Furthermore, **there is a chance that images are put together improperly**. This can happen because some images in different collections are put together in different orders, depending on the shape of the image. 

For example, in one newspaper an image may be made of 54 smaller images, with the large image being 6 images wide and 9 images tall. However, in another newspaper, an image may also have 54 smaller images but be 9 wide and 6 tall. At the moment, there is no way to fix this aside from going into the script and rearraning the pattern to suite the current newspaper. Hopefully, a solution can someday be used to give the script information as to the exact pattern the image has.

In [1439]:
# Import statements 
import requests
import time
import ast
import random
import json
import os
import sys
import re
import io

from google.cloud import vision
from google.cloud.vision import types
from google.protobuf.json_format import MessageToDict
from bs4 import BeautifulSoup
import os.path
from os import path

import numpy as np
import PIL
from PIL import Image

client = vision.ImageAnnotatorClient()

In [1440]:
def slice_url(url: str) -> str:
    """ Returns a list composed of the first
    half of the given url, behind the date, and 
    the second half of the url following the 
    date. """
    
    # Get indexes of halves
    i = url.find('dat=')
    j = url.find('&', i) 
    
    # Slice string
    half1 = url[:i+4]
    half2 = url[j:]
    
    return [half1, half2]

In [1441]:
def remove_duplicates(str_list: list) -> list:
    """ Returns a list containing no duplicate
    elements, given str_list. """
    
    ret_list = []
    
    # Iterate through items in str_list
    for item in str_list:
        # Check if item has been already seen
        if item not in ret_list:
            # If not, add to new list.
            ret_list.append(item)
            
    # Return list with no duplicates
    return ret_list

In [1442]:
# Function takes in list of hrefs to pages and gets page IDs
def get_page_ids(href_list: list) -> list:
    """ Returns a list of lists, each with the PIDs
    of images located on a given news issue, given
    a list of links to the pages. """
    
    ret_list = []
    
    # Iterate through the list of links
    for page in href_list:
        
        # Create a list for the PIDs
        temp_list = []
        
        # Send request at random times
        n = random.randint(6, 10)
        time.sleep(n)
        result = requests.get(page)
        
        # Get content from beautiful soup
        if result.status_code == 200:
            soup = BeautifulSoup(result.content, "html.parser")

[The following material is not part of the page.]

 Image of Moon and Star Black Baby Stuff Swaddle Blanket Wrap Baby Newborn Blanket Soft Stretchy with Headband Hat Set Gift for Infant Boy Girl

        # Get the relevant portion of the page source
        data = soup.find_all('script')
        script_text = str(data[-1])
        
        # Use regex to find all pids in source
        pid_list = [m.start() for m in re.finditer('"pid":"', script_text)]

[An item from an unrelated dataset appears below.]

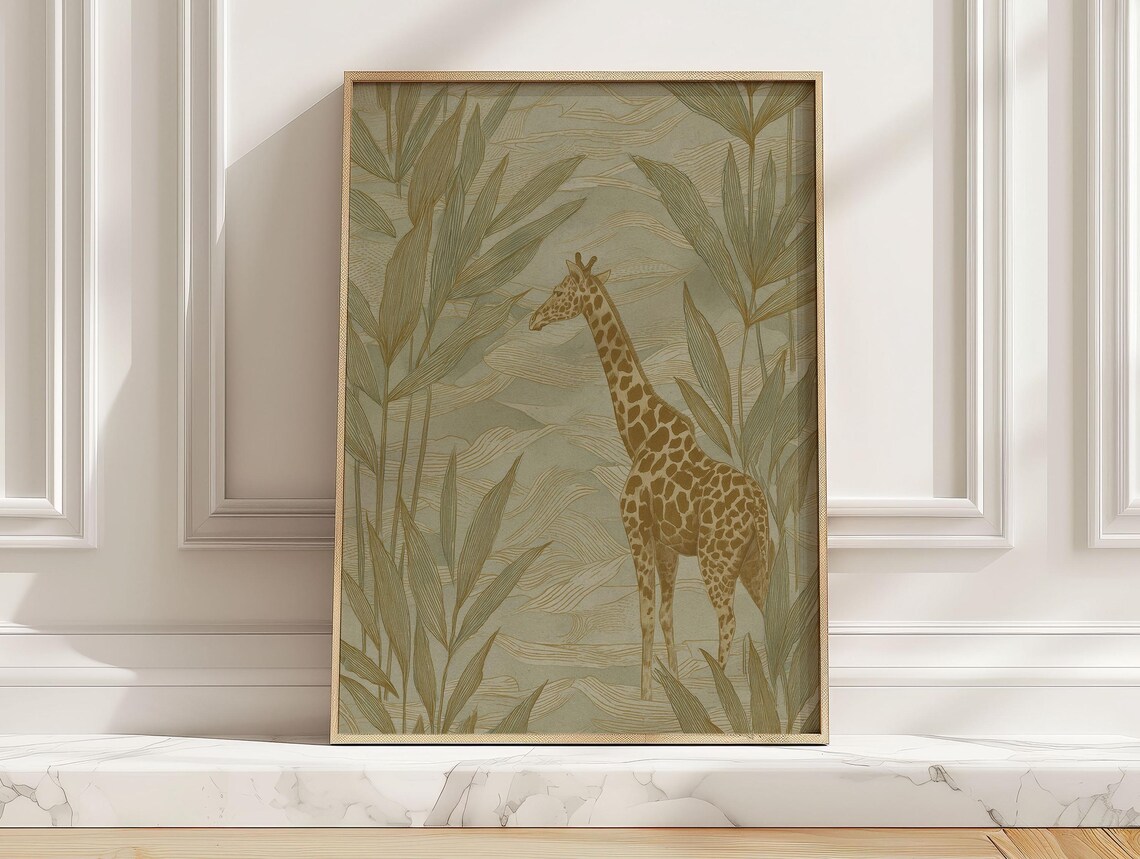 Safari Giraffe Standing Among Tropical Foliage Vintage Wall Art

        # Go through pids and edit them for link
        for pid in pid_list:
            j = script_text.find(",", pid)
            i = script_text.find('",', pid)
            pid_num = script_text[pid+7:j] + '%2C' + script_text[j+1:i]
            temp_list.append(pid_num)
        
        # Append to list to be returned
        ret_list.append(remove_duplicates(temp_list))
        
    return ret_list

In [1443]:
# Gets href list
def get_links(url: str) -> list:
    """ Returns nested list of newspaper links
    to hrefs and image links located at url to
    google news archive. """
    
    page = url
    
    # Get request from url
    n = random.randint(6, 10)
    time.sleep(n)
    result = requests.get(page)
    
    print('[attemping to reach source code at:' + url + ']')
    print(str(result))
    
    # Check for non-200 status code
    if result.status_code == 200:
        print("[source code found.]")
        soup = BeautifulSoup(result.content, "html.parser")
    else:
        print("[source code not found.]")
        return [[],[]]

    # Get needed parts of source code
    data = soup.find_all('script')
    script_text = str(data[2])

    # Get required portion of source code as list
    i = script_text.find('summary_data')
    j = script_text.rfind(']')
    script_str = script_text[i+14:j+1]
    news_list = ast.literal_eval(script_str) 

    # Initiate lists to collect links
    ret_list = []
    href_list = []
    img_list = []
    
    # Iterate through 
    for year in news_list:
        # Check if editions exist for this year
        if 'editions' in year:
            year_list = year['editions']
            # Go through editions and get image and href link
            for edition in year_list:
                img_list.append(edition['img_url'])
                href_list.append(edition['href_url'])
    
    # Add these lists to returned list
    ret_list.append(href_list)
    ret_list.append(img_list)
    
    return ret_list

In [1444]:
def get_nested_link_list(start_date: int, end_date: int, url: str) -> list:
    """ Returns nested list of newspaper links
    to hrefs and image linkes from url to google
    news archive. from end_date to start_date"""
    
    # Slice and get the important parts of URL
    sliced_url = slice_url(url)
    
    url1 = sliced_url[0]
    url2 = sliced_url[1]
    
    href_dict = {}
    image_dict = {}

    # Go through months of archive
    i = start_date
    while(i < end_date):
        # Get links from url at particular date, both at yearly mark and
        # after sixth months
        list_of_links1 = get_links(url1 + str(i) + url2)
        list_of_links2 = get_links(url1 + str(i+600) + url2)
        
        # Add the links together
        list_of_hrefs = list_of_links1[0] + list_of_links2[0]
        list_of_imgs = list_of_links1[1] + list_of_links2[1]
        
        list_of_links = [list_of_hrefs, list_of_imgs]
        
        # Add the links to a dictionary so that there are no duplicates
        for href in list_of_links[0]:
            href_dict[href] = 1
        for img in list_of_links[1]:
            image_dict[img] = 1

        # Forward date by a year
        i+=10000
        
    # Convert keys to list and return
    final_href_list = list(href_dict.keys())
    final_image_list = list(image_dict.keys())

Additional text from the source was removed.